William Hamilton McWhorter Jordan was born in Charlotte, N.C., on Sept. 21, 1944, and raised in Albany, Ga., his father’s hometown. Born with bowed legs, he wore braces to bed for 11 years. Reporters often wrote that he grew up in a political family and that classmates voted him most likely to become governor. But it was his mother, Adelaide Jordan, who explained the depth of his passion. “If he didn’t win himself, he’d run his cousin,” she told one interviewer.

He meandered through college at the University of Georgia in Athens, telling The Times’ Jack Nelson that he took “5 1/2 unspectacular but fun-filled years” to graduate, which he did in 1967 with a political science degree.

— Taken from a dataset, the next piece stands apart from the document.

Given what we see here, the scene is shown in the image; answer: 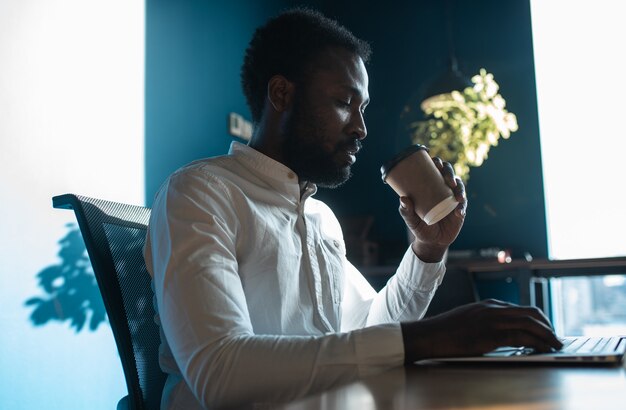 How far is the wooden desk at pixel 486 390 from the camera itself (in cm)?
47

One day he attended a rally for a candidate for governor, a peanut farmer from Plains, Ga. Jordan thought it “a very poor speech” but he was impressed by Carter’s moderation on the race issue and his sincerity. Carter lost that election but gained Jordan’s allegiance.

Disqualified from military service because of flat feet and a sports injury to his knee, Jordan went to Vietnam as a volunteer for a refugee relocation group called International Voluntary Services. After 10 months in the field, he was home again, suffering from blackwater fever, convinced that the war was wrong, itching to get back into politics.

He offered to run Carter’s campaign and this time they won. And then, less than two years into Carter’s gubernatorial term, Jordan wrote an audacious and brilliant 72-page assessment on how to win the White House.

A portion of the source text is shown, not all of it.